A source configuration consists of the following:

  • @source: This annotation defines the source type via which the messages are consumed, and allows you to configure the source parameters (which change depending on the source type). For the complete list of supported source types, see Streams Query Guide - Source

  • @map: This annotation specifies the format in which messages are consumed, and allows you to configure the mapping parameters (which change based of the mapping type/format selected). For the complete list of supported mapping types, see Streams Query Guide - Source Mapper

  • @attributes: This annotation specifies a custom mapping based on which events to be selected into the stream processing flow are identified. This is useful when the attributes of the incoming messages you want the stream processor to consume are different to the corresponding attribute name in the stream definition.

    Example

    Say the stream processor is reading employee records. The employee name might be defined as emp No in the source from which you are extracting the records. However, the corresponding attribute name in the stream definition is employeeNo because that is how you want to refer to the attribute in the stream processor. In this instance, you need a custom mapping to indicate that emp No is the same as employeeNo.

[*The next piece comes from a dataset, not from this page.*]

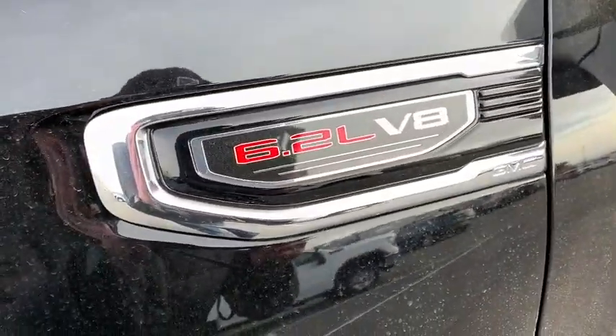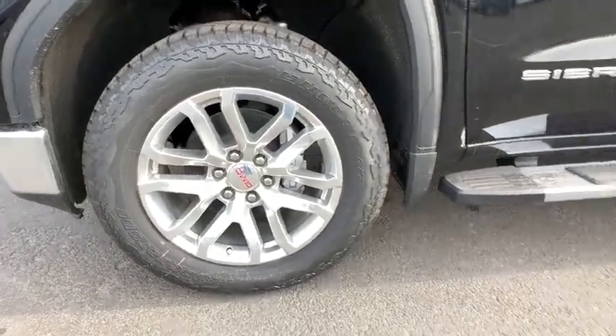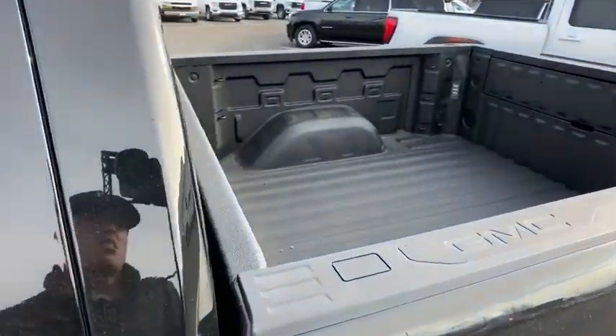Remote engine start, keyless entry, Bluetooth, leather-wrapped steering wheel, power steering, adjustable steering wheel, floor mats, cruise control, keyless start, auto-dimming rear-view mirror, four-wheel drive, aluminum wheels.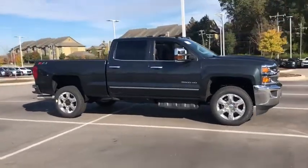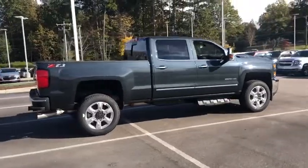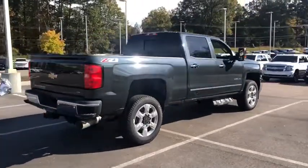2019 Chevrolet Silverado 2500 HD. This pickup truck pulls unlike any other. Here are some of this vehicle's great options.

Stream Application for Consuming Data

Following are the steps to create a stream application:

  1. Open the Stream Apps editor in GUI.

  2. Click on New to start defining a new stream application.

  3. Enter a Name for the stream application. For example SalesTotalsApp.

  4. Enter a Description.

  5. Define an input stream to define the schema based on which input events are selected to the streaming integrator flow as follows.

    define stream <Stream_Name>(attribute1_name attribute1_type, attribute2_name attribute2_type, ...)
    

    For example,

    define stream ConsumerSalesTotalsStream (transNo int, product string, price int, quantity int, salesValue long)
    
  6. Connect a source to the input stream you added as follows.

    @source(type='<SOURCE_TYPE>')
    define stream <Stream_Name>(attribute1_name attribute1_type, attribute2_name attribute2_type, ...);
    

    For example, you can add a source of the c8streams type to the ConsumerSalesTotalsStream input stream in the example of the previous step.

    @source(type='c8streams')
    define stream ConsumerSalesTotalsStream (transNo int, product string, price int, quantity int, salesValue long);
    
  7. Configure parameters for the source you added.

    For example, you can specify the collection name for the c8streams source in the example used.

    @source(type='c8streams', stream.list='SalesTotalsEP')
    define stream ConsumerSalesTotalsStream (transNo int, product string, price int, quantity int, salesValue long);
    
  8. Add an @map annotation to the source configuration as shown below.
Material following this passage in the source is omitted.